In number theory, a left-truncatable prime is a prime number which, in a given base, contains no 0, and if the leading left digit is successively removed, then all resulting numbers are primes.
9137 is one such left-truncatable prime since 9137, 137, 37 and 7 are all prime numbers.
We are asked to provide the first 20 entries of the sequence A024785 in the on-line encyclopedia of integer sequences.
The pages of this sequence contains a Python implementation (by Michael S. Branicky) to generate all of the left-truncatable primes:
from sympy import isprime
def alst ():
primes, alst = [2, 3, 5, 7], []
while len (primes) > 0:
alst += sorted (primes)
cand = set (int (d + str (p)) for p in primes for d in "123456789")
primes = [c for c in cand if isprime (c)]
return alst
print (alst ())
We can easily adapt this to generate the first 20 in order.
We start off by importing the is_prime
routine from
Math::Prime::Util
:
use Math::Prime::Util qw [is_prime];
This makes it easy to check whether a number is a prime.

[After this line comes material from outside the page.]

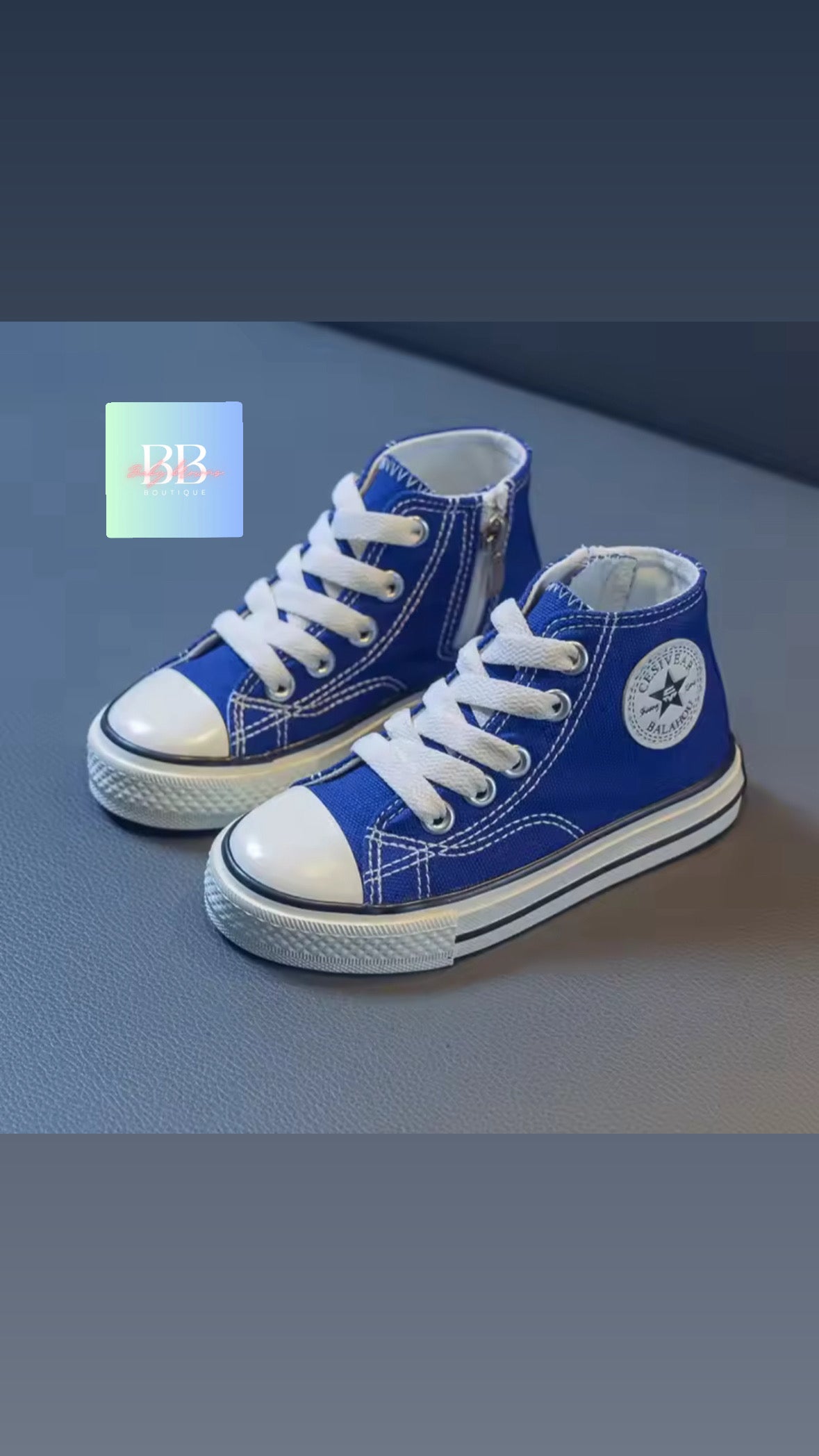 Pair of blue high-top sneakers with white laces on a gray background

Then we initialize an array with the single digit primes, and a counter to keep track of the number of primes we have produced:
my @todo = qw [2 3 5 7];
my $count = 20;
print "$_ " for @todo;
$count -= @todo;
Now we can iterate. In each iteration, for each prime of the previous iteration, we prepend each of the 9 different digits, and check whether the result is prime. If so, this is a left-truncatable prime, and we print and keep it:
MAIN: while (@todo) {
my @next;
for my $d (1 .. 9) {
foreach my $p (@todo) {
my $candidate = "$d$p";
next unless is_prime ($candidate);
print "$candidate ";
last MAIN if -- $count <= 0;
push @next => $candidate;
}
}
@todo = @next;
}
Find the full program on GitHub.
We don't have access to a function which returns whether its argument
is a prime number or not in all languages. Nor does every language allow
us to just stick strings together and have it be a number. bc is such
a language. First, we define a method is_prime
:
define is_prime (p) {
auto d
if (p == 2) {return 1}
if (p % 2 == 0) {return 0}
for (d = 3; d * d <= p; d += 2) {
if (p % d == 0) {return 0}
}
return 1
}
bc doesn't have array literals, or a function to get the size of an array, so we have to do a bit more work to do the initializations:
todo [1] = 2
todo [2] = 3
todo [3] = 5
todo [4] = 7
high = 4
for (i = 1; i <= high; i ++) {
print todo [i], " "
}
count = 20 - high
To get the a next candidate for a truncatable prime, instead of using string concatenation, we just arithmetic, keeping track of a power of 10:
pow = 10
while (count > 0) {
new_high = 0
for (d = 1; d <= 9 && count > 0; d ++) {
for (i = 1; i <= high && count > 0; i ++) {
candidate = d * pow + todo [i]
if (is_prime (candidate)) {
print candidate, " "
new_high = new_high + 1
count = count - 1
next [new_high] = candidate
}
}
}
for (j = 1; j <= new_high; j ++) {
todo [j] = next [j]
}
high = new_high
pow = pow * 10
}
Find the full program on GitHub.
We also have implementations in other languages; the implementation similar to the Perl or bc implementation (or some hybrid):
AWK, Bash, C, Go, Java, Lua, Node.js, Pascal, Python, R, Ruby, Scheme, and Tcl.